= Bunna Walsh =

Australian politician (1933–2022)

Ronald William "Bunna" Walsh (20 June 1933 - 30 March 2022) was an Australian politician.

He was born in Port Melbourne to labourer William John Joseph Walsh and Amy Lydia. He attended state schools and became a waterside worker in 1954. Having joined the Labor Party in 1960, he was an official with the Waterside Workers Federation from 1964 to 1979 and also served as president of the ALP's South Melbourne branch. In 1970 he was elected to the Victorian Legislative Council for Melbourne West, but his election was declared void later that year because of an old criminal conviction in the Children's Court.

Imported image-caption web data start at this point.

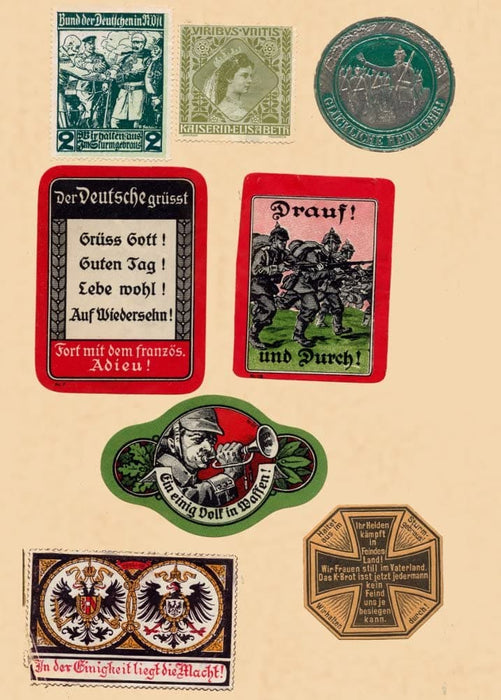 Vintage German WW1 Propaganda 'Stamps, Seals and Badges, Plate 1,' Germany, Austria, Hungary, 1914-18, Reproduction 200gsm A3 Vintage German Propaganda Poster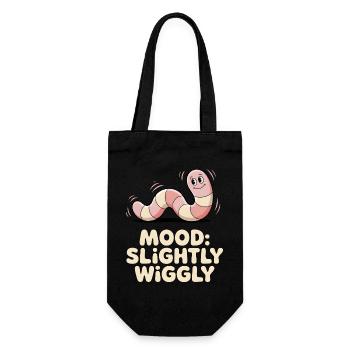 Slightly wobbly | Worm Mood - Gift Bag for Bottles - black - Front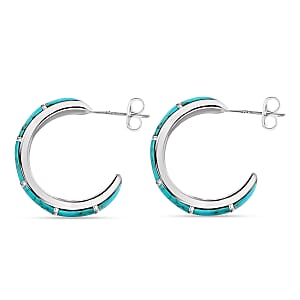 Santa Fe Style Turquoise J-Hoop Earrings in Sterling Silver 2.50 ctw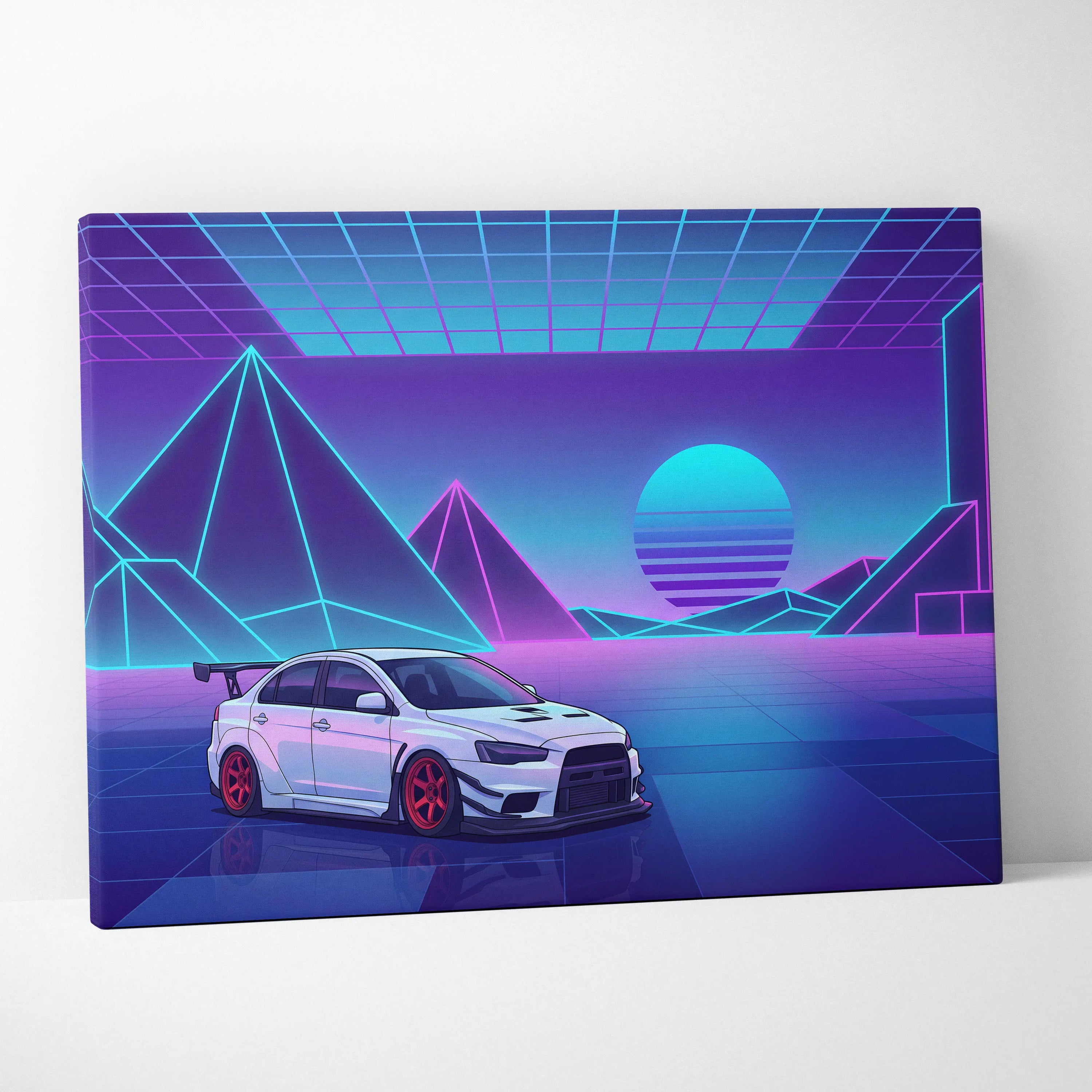 Mitsubishi Lancer Evolution X Inspired White Purple Canvas Wall Art, Neon Vaporwave JDM Sports Sedan Artwork for Garage Decor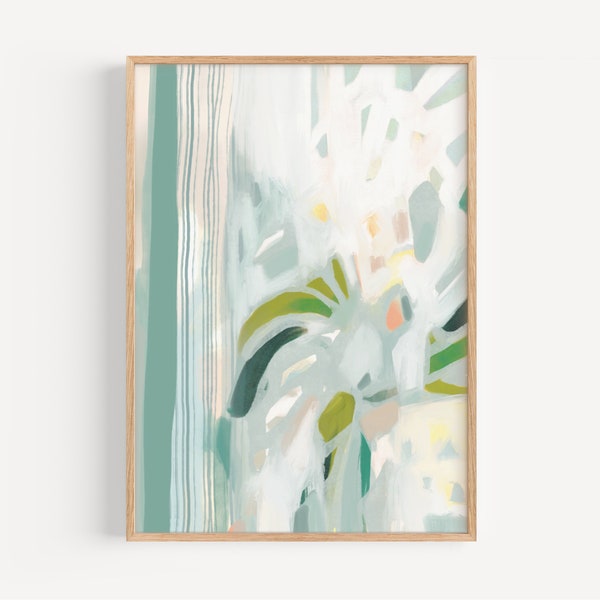 Blue and Green Botanical Abstract Print, Modern Floral Painting, Uplifting Downloadable Art, Contemporary Home Decor, Luxury Interior Accent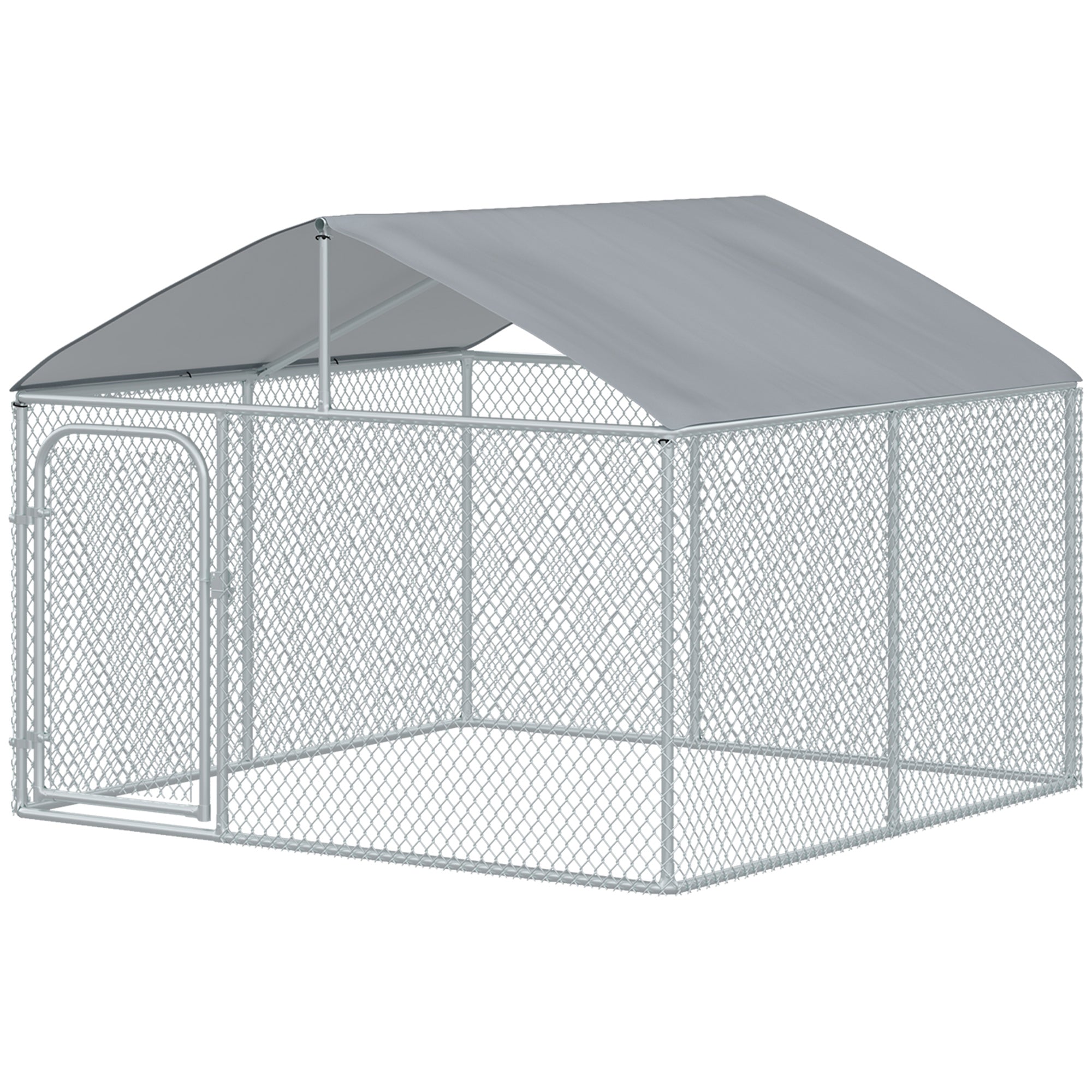 PawHut 7.5' x 7.5' x 5.6' Dog Kennel, Outdoor Dog Run with Waterproof, UV Resistant Roof, Lockable Door for Large-Sized Dogs, Silver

Walsh was elected to the Victorian Legislative Assembly in 1979 as the member for Albert Park. He was government whip from 1982 to 1985 and then moved to the frontbench, holding the portfolios of Public Works (1985-87), Housing and Construction (1987-88), Property and Services (1988-90) and Water Resources (1988-90). In 1992 he attempted to return to the Legislative Council by contesting the seat of Monash, but he was defeated.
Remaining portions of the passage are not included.